No pretty flowers to show you, but when I moved here two years ago my wife and I wanted a little more backyard privacy, so I planted these seven. They are still young and it will take 10 years before they grow in and give us the effect we want. They don't look like much but I ordered these online and planted them myself. Saved a money and I'm so proud they survived. Of course growing stuff in Central Florida is pretty easy compare to most of the other sections of the country.








Here is an East Palatka Holly on the left and two Ligustrum Privets on the right.
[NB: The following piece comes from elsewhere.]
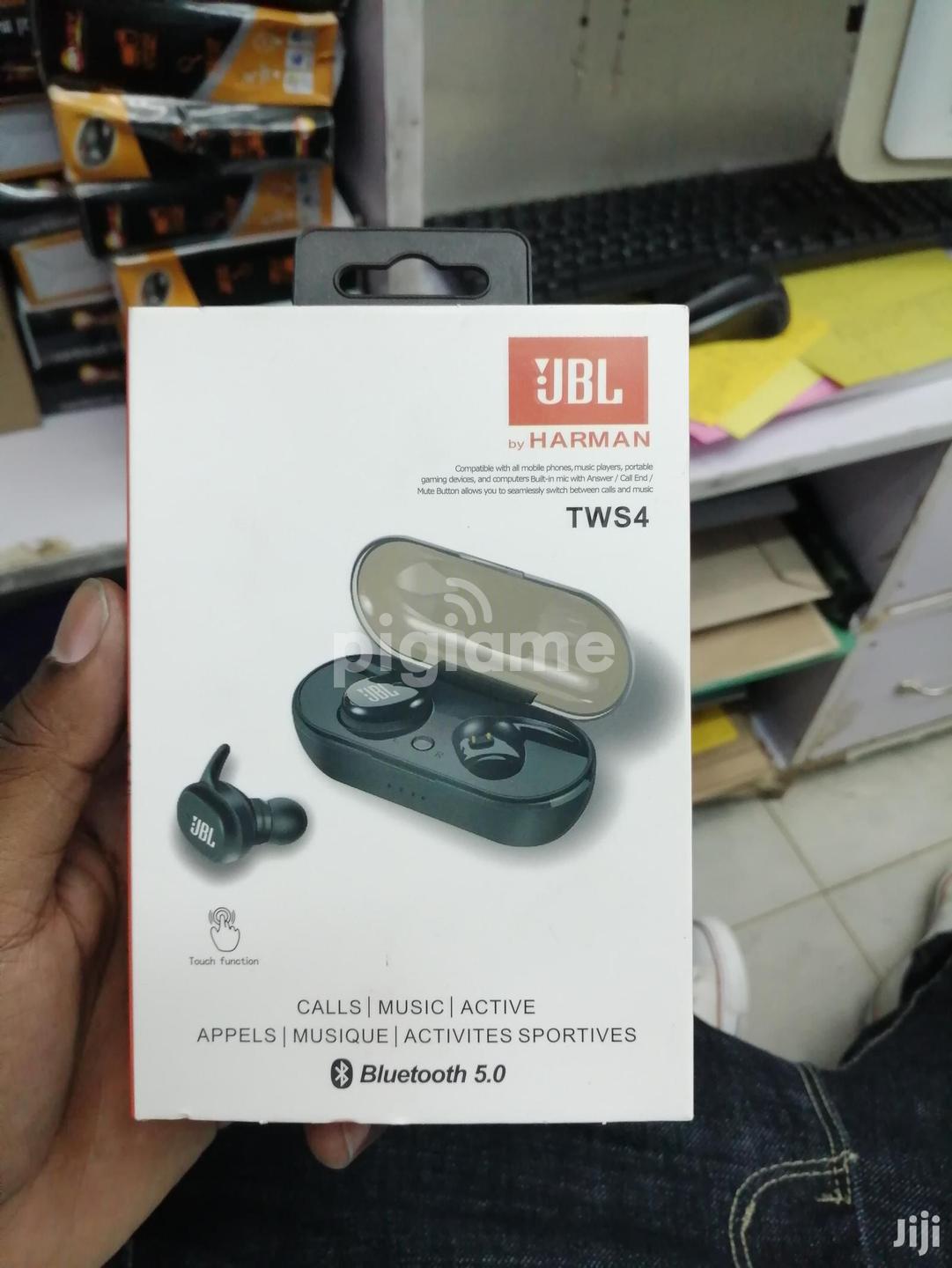 Jbl Earpods in Nairobi CBD, Accra Road PigiaMe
On the left Thuja Arborvitae 'Green Giant' and Knock Out Rose tree. On the right are two Nellie Stevens Hollys.


----------



## Larkenfield (Jun 5, 2017)

Very nice, Pyotr! I am all for green and more privacy. It looks like they are doing well. Just be sure to play the trees some Tchaikovsky or Debussy (etc.) for them every now and then to keep them happy.


----------



## senza sordino (Oct 20, 2013)

I live on the bottom floor of a theee story apartment. I have a small garden. There is a ground crew that come once a week to mow the small patch of grass and trim the edges and sometimes trim the trees and bushes.

Azalea 









I have some container pots too. Lilies









Petunias planted this year









Looking back toward the building. In total I have about 30 to 40 square meters. 300 to 400 square feet. Not too bad for an apartment. In the summer there is enough foliage that no one can look into my place. And it's quiet. (And I cycle or walk to work)


----------



## TxllxT (Mar 2, 2011)

Our garden features a vine, which this year we hope will yield lots of grapes. Instead of grass we have pebbles (with a special underground), so no mowing is needed anymore. Lately, because of the wet weather this year, this pebble field has been sprouting lots of wild flowers, English grass for instance. The roots of these flowers cannot enter into the soil, but still they seems to do well among the pebbles. Because of the amazing flowering we just let it grow & bloom. Later on we'll tear out all the wild bushes... (sorry, no photos).


----------



## philoctetes (Jun 15, 2017)

I'm surrounded by wild stuff that I keep having to cut back, blackberries, cherry plums, willows, ivy, poison oak, etc. After CA floods things are growing 3x faster so it's been a busy spring.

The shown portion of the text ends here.